The text of every record, exactly as given and with no pictures, should be your output.

• [Provided material]:
================================

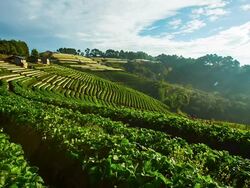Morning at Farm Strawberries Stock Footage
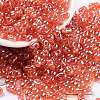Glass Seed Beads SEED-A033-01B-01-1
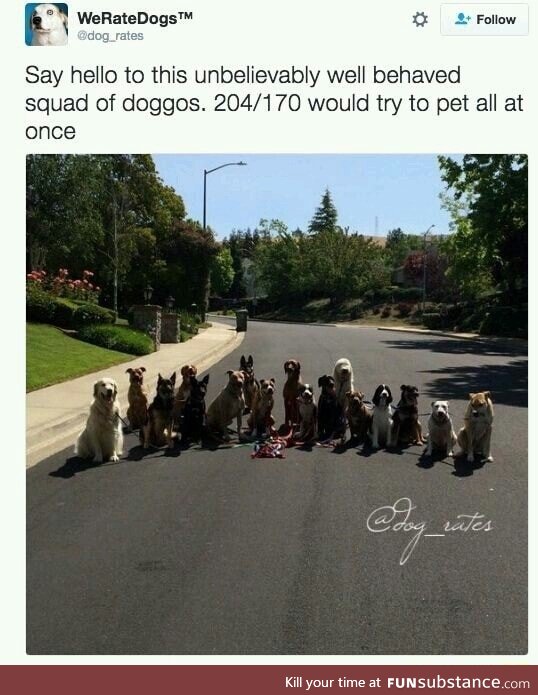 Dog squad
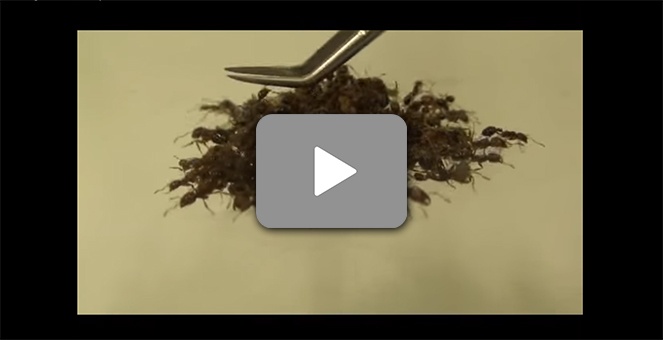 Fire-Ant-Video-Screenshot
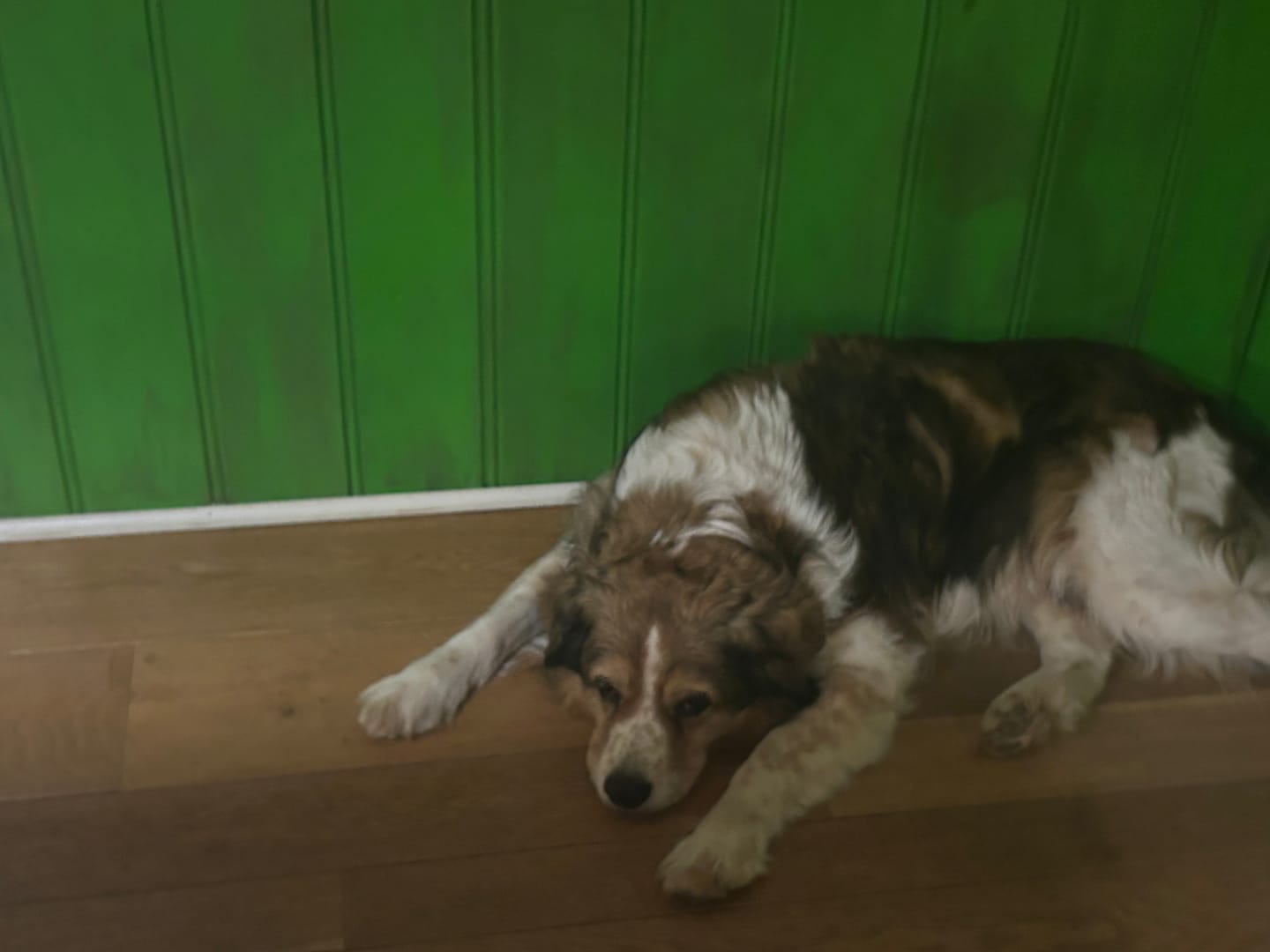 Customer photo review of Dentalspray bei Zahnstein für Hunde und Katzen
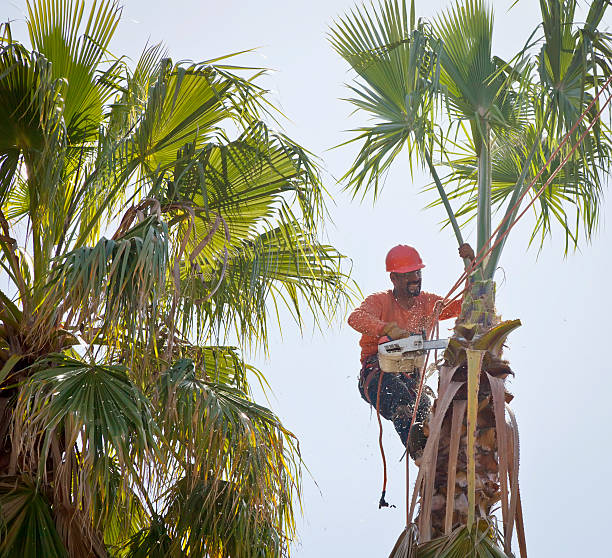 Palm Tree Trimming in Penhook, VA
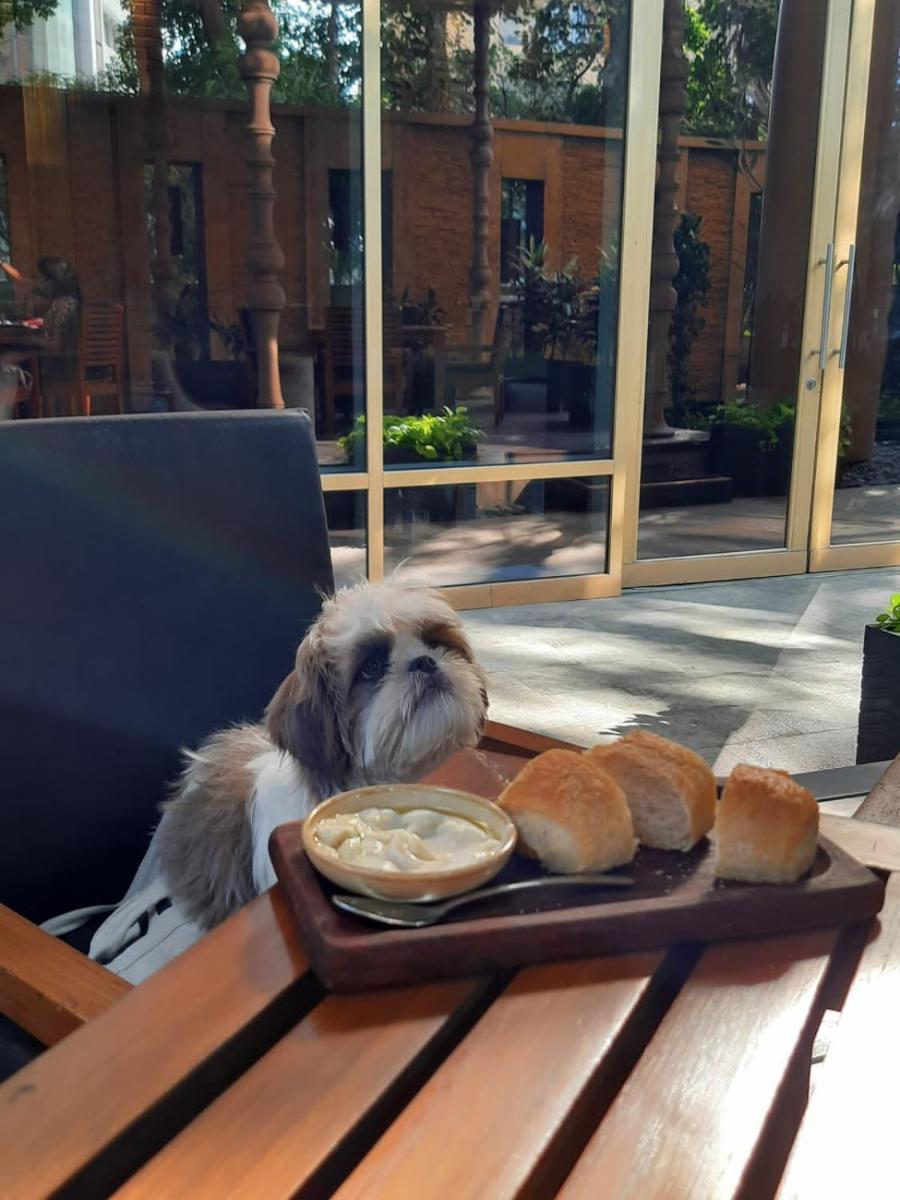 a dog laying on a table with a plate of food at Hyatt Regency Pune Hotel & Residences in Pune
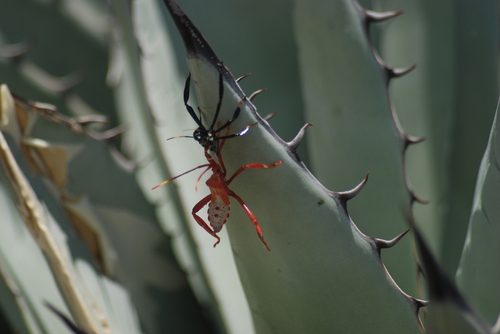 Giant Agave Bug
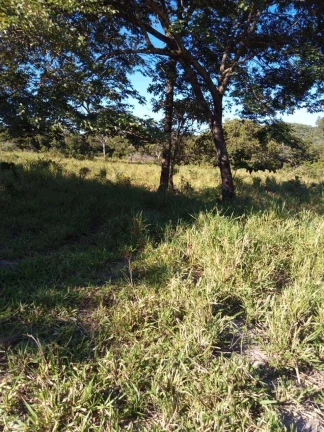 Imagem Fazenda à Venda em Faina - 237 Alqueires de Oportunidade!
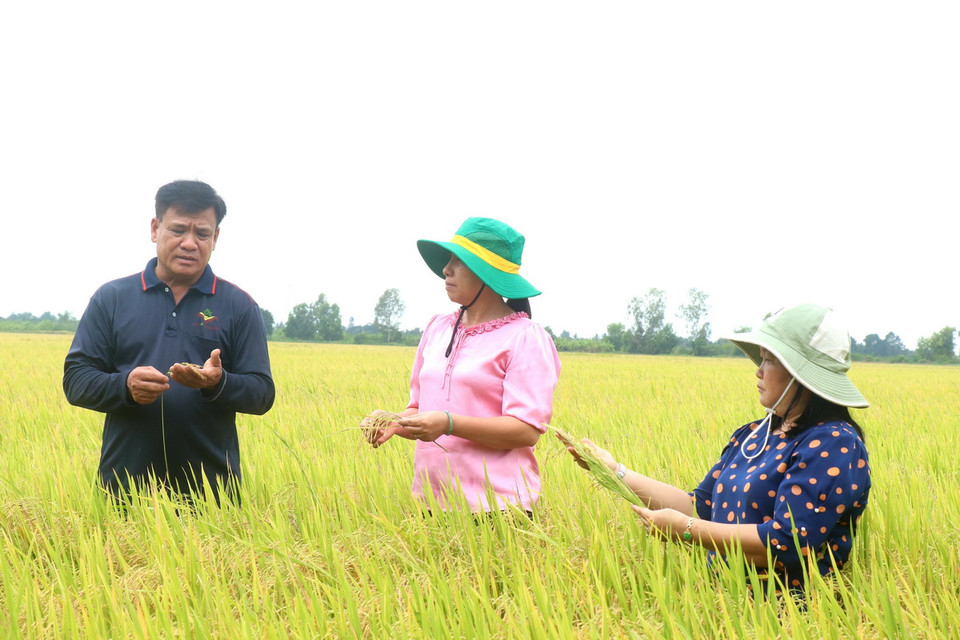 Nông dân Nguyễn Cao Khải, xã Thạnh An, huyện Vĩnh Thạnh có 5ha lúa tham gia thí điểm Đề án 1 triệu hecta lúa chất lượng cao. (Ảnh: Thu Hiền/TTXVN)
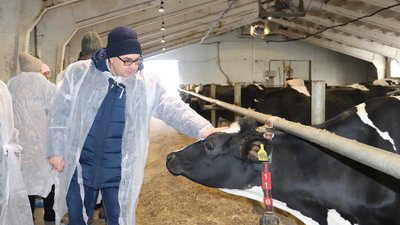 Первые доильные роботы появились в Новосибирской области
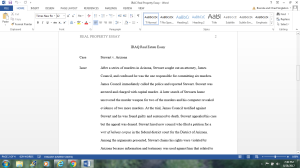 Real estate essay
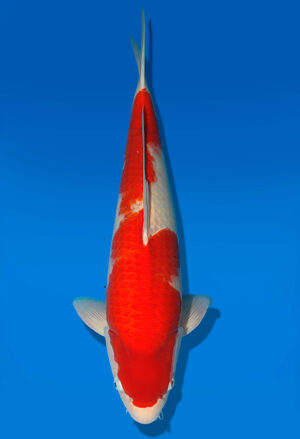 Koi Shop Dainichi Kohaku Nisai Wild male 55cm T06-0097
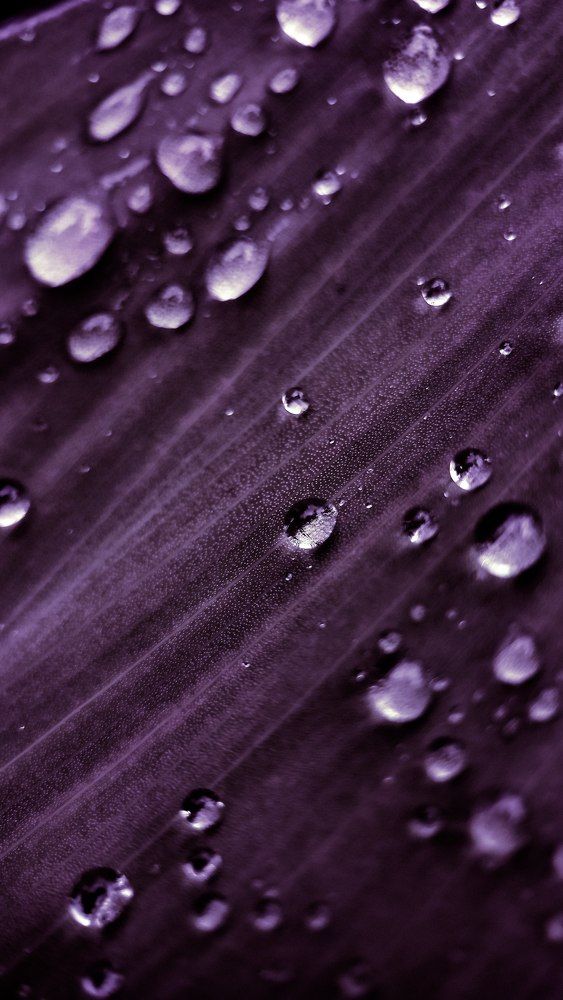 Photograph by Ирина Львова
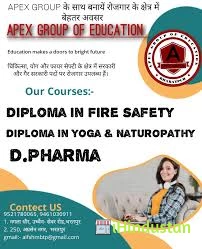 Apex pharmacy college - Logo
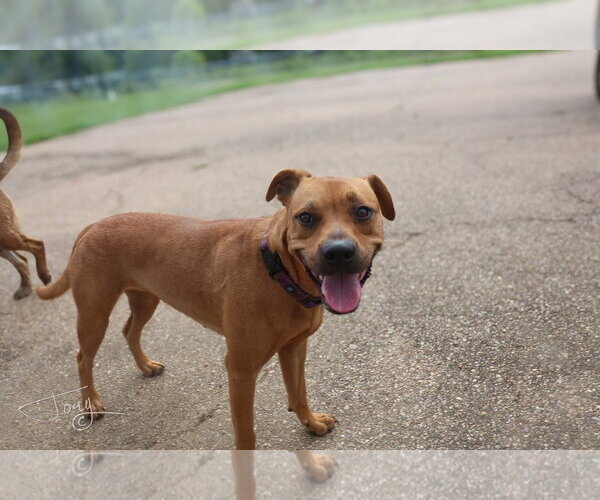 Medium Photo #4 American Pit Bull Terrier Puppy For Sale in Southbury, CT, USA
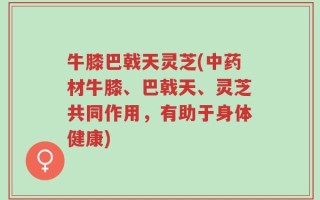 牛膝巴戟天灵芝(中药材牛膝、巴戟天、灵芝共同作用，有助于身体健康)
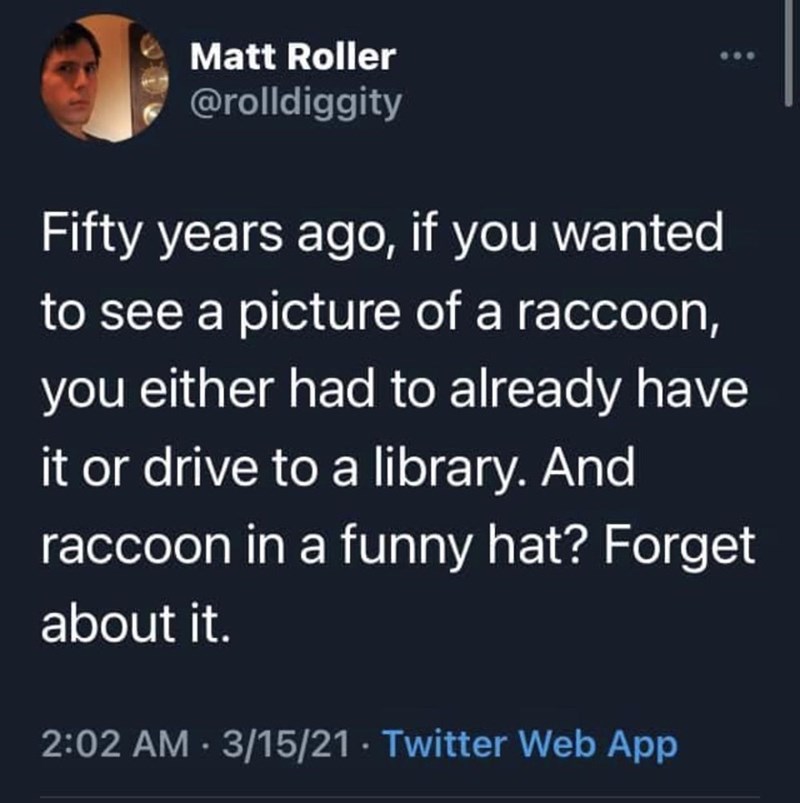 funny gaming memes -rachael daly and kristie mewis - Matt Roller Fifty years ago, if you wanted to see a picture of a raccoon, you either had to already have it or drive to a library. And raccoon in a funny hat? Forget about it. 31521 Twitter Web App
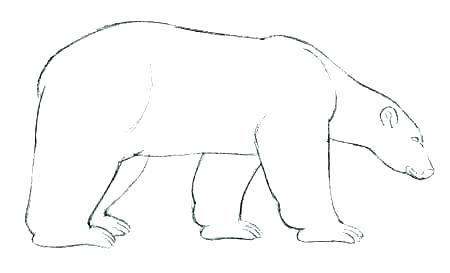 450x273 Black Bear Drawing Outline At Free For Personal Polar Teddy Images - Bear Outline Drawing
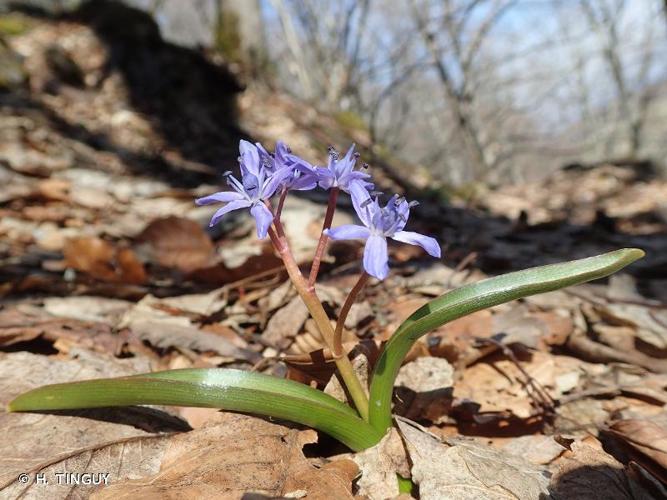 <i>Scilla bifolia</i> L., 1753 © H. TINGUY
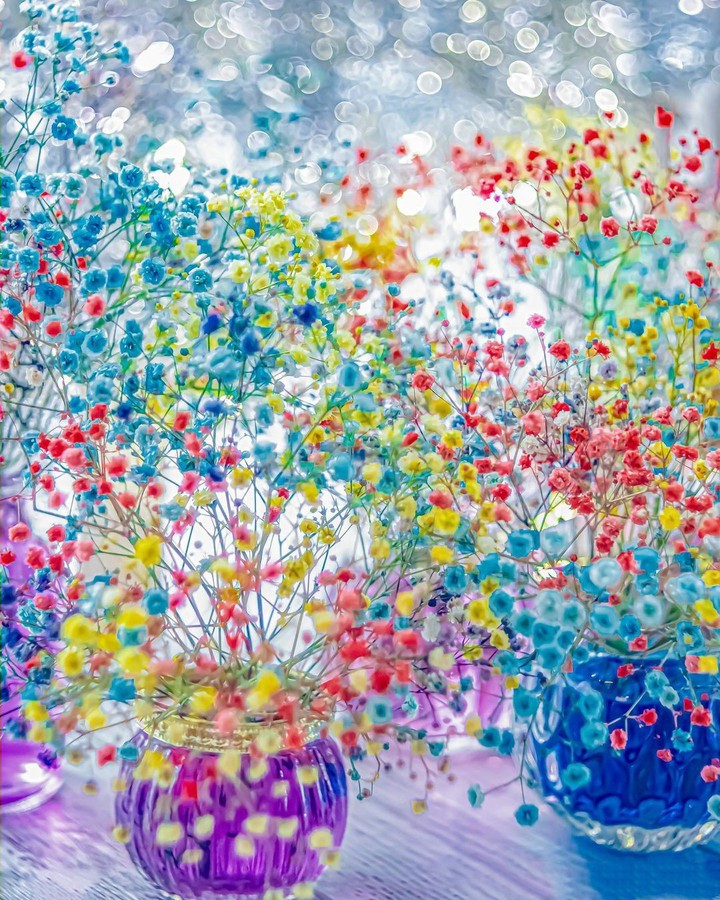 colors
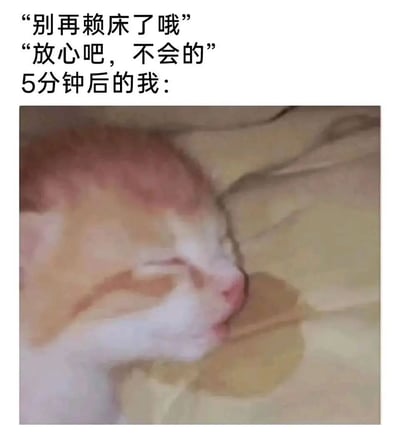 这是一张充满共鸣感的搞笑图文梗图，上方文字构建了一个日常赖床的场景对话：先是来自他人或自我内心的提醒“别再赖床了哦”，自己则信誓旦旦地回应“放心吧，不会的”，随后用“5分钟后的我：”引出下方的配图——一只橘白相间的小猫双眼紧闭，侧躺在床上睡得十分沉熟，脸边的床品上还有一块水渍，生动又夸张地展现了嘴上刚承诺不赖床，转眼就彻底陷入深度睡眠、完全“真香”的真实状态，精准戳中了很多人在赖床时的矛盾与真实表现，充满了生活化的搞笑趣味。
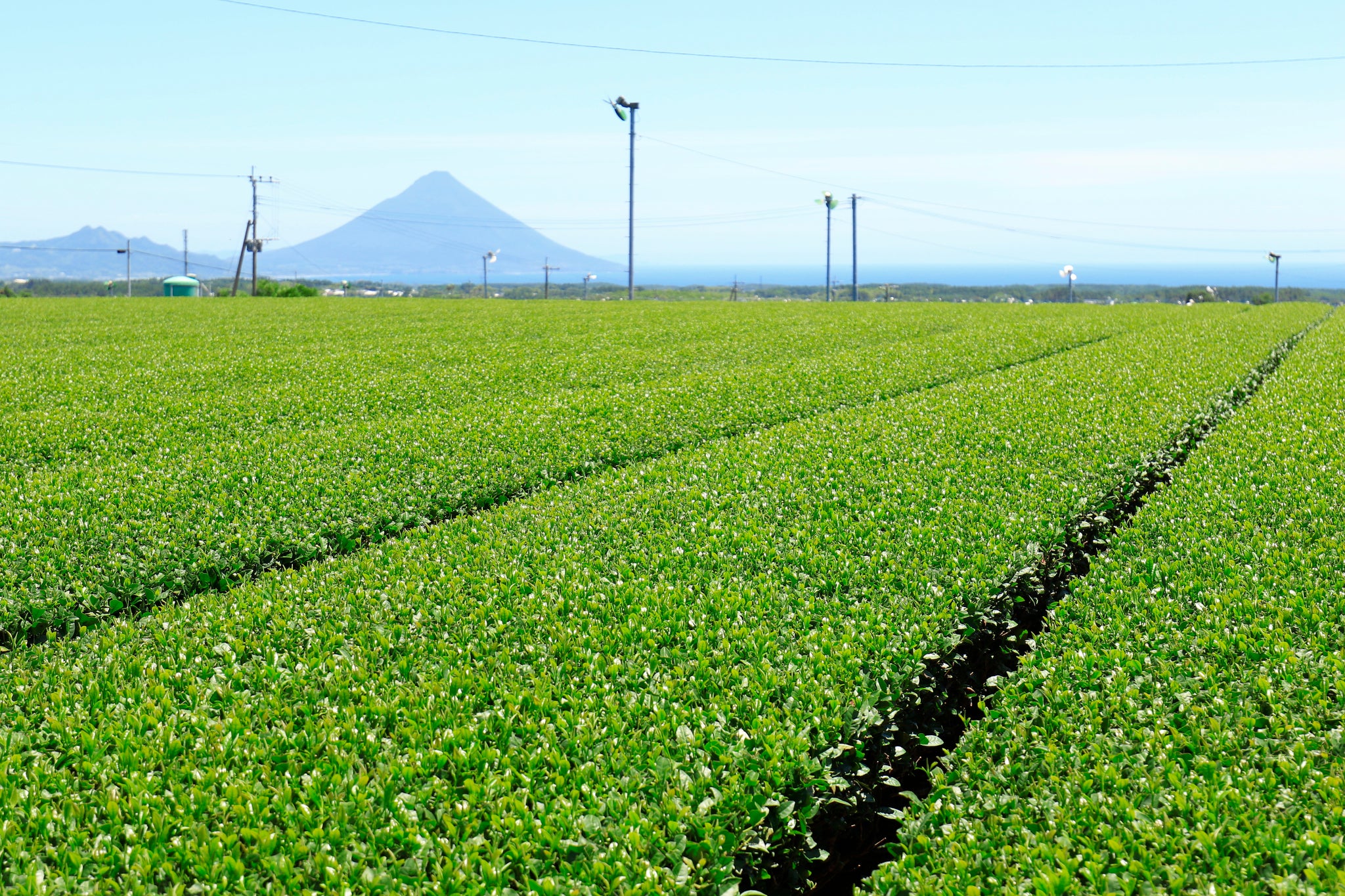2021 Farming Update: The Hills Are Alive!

================================

• [Solved problem]:
Morning at Farm Strawberries Stock Footage
Glass Seed Beads SEED-A033-01B-01-1
 Dog squad
 Fire-Ant-Video-Screenshot
 Customer photo review of Dentalspray bei Zahnstein für Hunde und Katzen
 Palm Tree Trimming in Penhook, VA
 a dog laying on a table with a plate of food at Hyatt Regency Pune Hotel & Residences in Pune
 Giant Agave Bug
 Imagem Fazenda à Venda em Faina - 237 Alqueires de Oportunidade!
 Nông dân Nguyễn Cao Khải, xã Thạnh An, huyện Vĩnh Thạnh có 5ha lúa tham gia thí điểm Đề án 1 triệu hecta lúa chất lượng cao. (Ảnh: Thu Hiền/TTXVN)
 Первые доильные роботы появились в Новосибирской области
 Real estate essay
 Koi Shop Dainichi Kohaku Nisai Wild male 55cm T06-0097
 Photograph by Ирина Львова
 Apex pharmacy college - Logo
 Medium Photo #4 American Pit Bull Terrier Puppy For Sale in Southbury, CT, USA
 牛膝巴戟天灵芝(中药材牛膝、巴戟天、灵芝共同作用，有助于身体健康)
 funny gaming memes -rachael daly and kristie mewis - Matt Roller Fifty years ago, if you wanted to see a picture of a raccoon, you either had to already have it or drive to a library. And raccoon in a funny hat? Forget about it. 31521 Twitter Web App
 450x273 Black Bear Drawing Outline At Free For Personal Polar Teddy Images - Bear Outline Drawing
 <i>Scilla bifolia</i> L., 1753 © H. TINGUY
 colors
 这是一张充满共鸣感的搞笑图文梗图，上方文字构建了一个日常赖床的场景对话：先是来自他人或自我内心的提醒“别再赖床了哦”，自己则信誓旦旦地回应“放心吧，不会的”，随后用“5分钟后的我：”引出下方的配图——一只橘白相间的小猫双眼紧闭，侧躺在床上睡得十分沉熟，脸边的床品上还有一块水渍，生动又夸张地展现了嘴上刚承诺不赖床，转眼就彻底陷入深度睡眠、完全“真香”的真实状态，精准戳中了很多人在赖床时的矛盾与真实表现，充满了生活化的搞笑趣味。
2021 Farming Update: The Hills Are Alive!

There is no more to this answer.